= Auth-Code =

Randomly generated complex code

An Auth-Code, also known as an EPP code, authorization code, transfer code, or Auth-Info Code, is a generated passcode required to transfer an Internet domain name between domain registrars; the code is intended to indicate that the domain name owner has authorized the transfer.

Auth-Codes are created by the current registrar of the domain. The registrar is required to provide the Auth-Code to the domain name owner within five calendar days of the owner's request, and ICANN accepts complaints about registrars that do not. Some registrars allow Auth-Codes to be generated by the domain owners through the registrar's website. All Generic top-level domains use an Auth-Code in their transfer process.

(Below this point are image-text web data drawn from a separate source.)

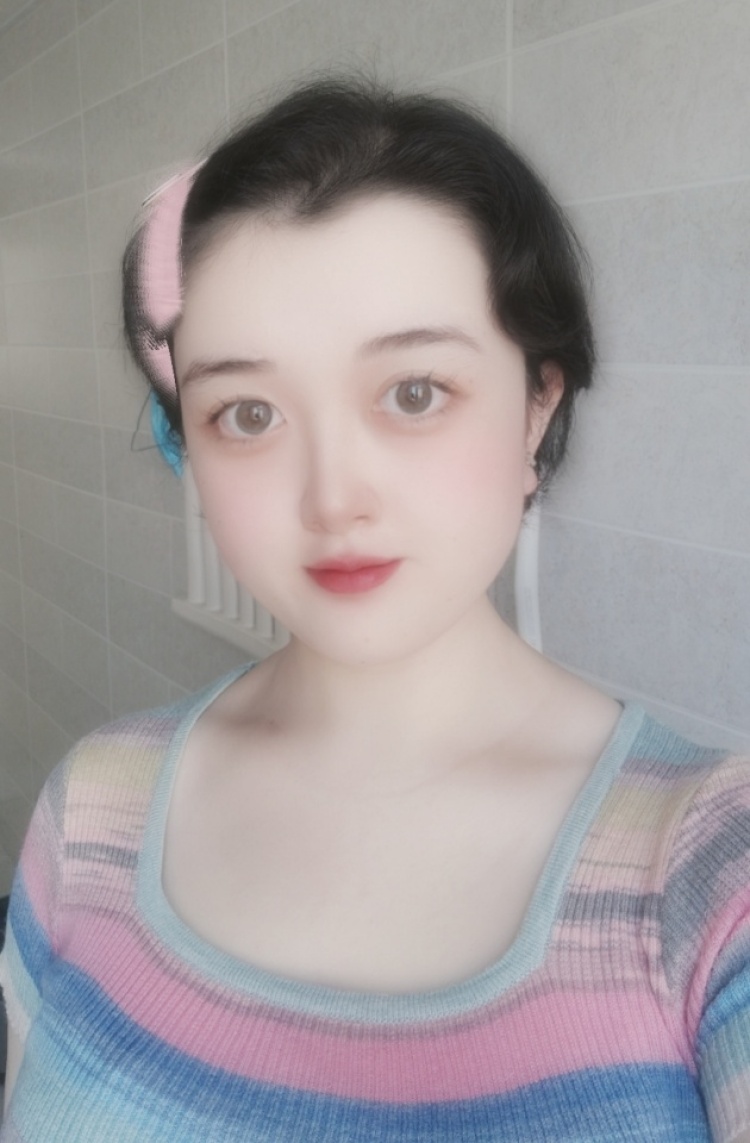 葡萄糖-山东省·临沂市·兰山区-抖音-身高166 体重65kg 擅长PS 爱好听音乐 在读本科大二学生 想脚踏实地的生活 最好能自己赚点生活费  可以接买家秀 寄拍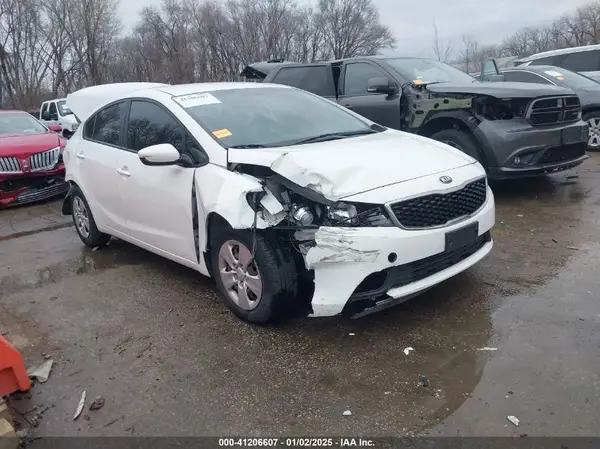 3KPFK4A77HE090466 2017 KIA FORTE - Image 1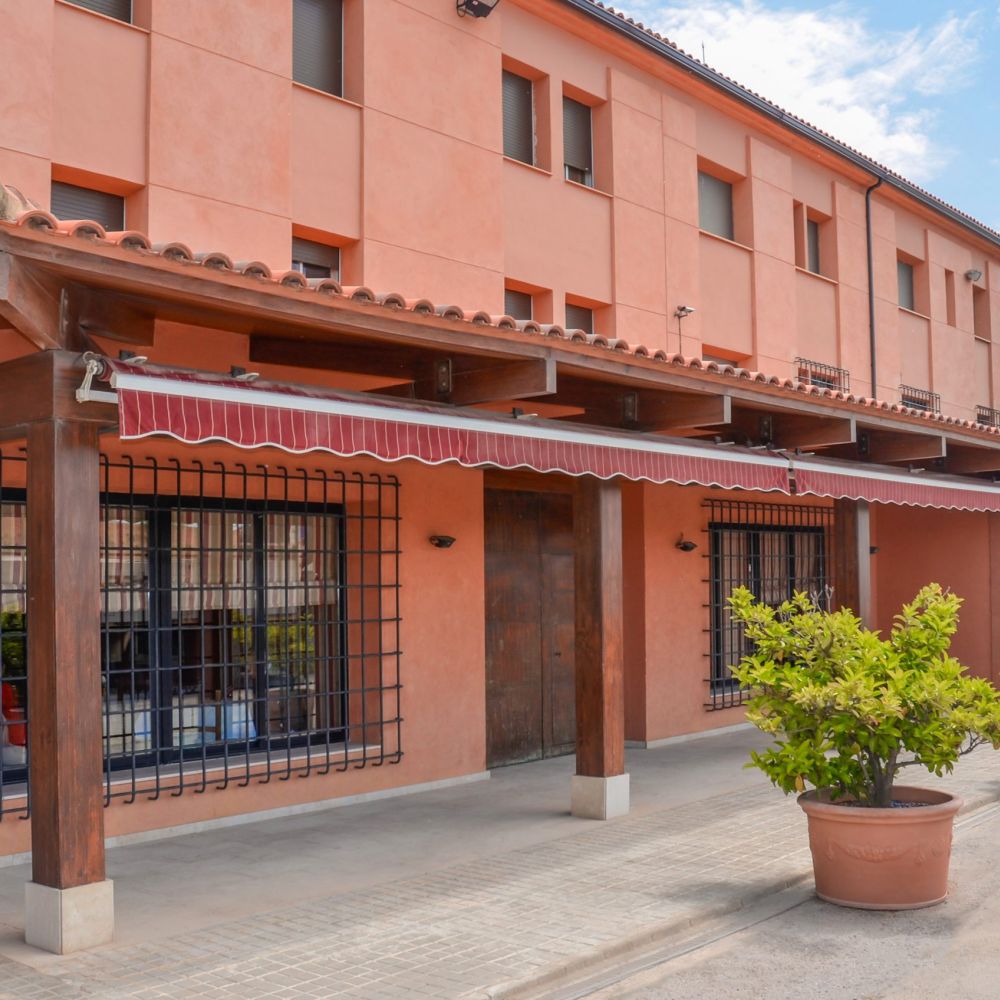 Los Maños foto fachada hotel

The .nz domain registry used an eight-character Auth-Code called Unique Domain Authentication Identifier (UDAI) for domain transfers and name conflict procedures. The UDAI was provided to the domain owner by the domain's current registrar, and expired after 30 days. With the .nz registry update in 2022 the term UDAI was retired, and the passcode is now also referred to as an Auth-Code.

==Alternative systems==
The .uk and .co.uk domain registry, instead of using a passcode, has the domain owner specify the new registrar using the old registrar. The destination registrar is specified using the destination's registrar tag, also known as an Internet Provider Security (IPS) tag or Nominet Provider tag.

Some registries use a document based approach either in conjunction with or instead of an Auth-Code. An example for that is .hu for which the registrant has to fill out a document and send it to the new registrar, who sends it to the registry to fulfill the domain transfer.

The .is domain registry uses the domain admin's NIC handle, and the old registrar has to update it to the new registrar's NIC handle.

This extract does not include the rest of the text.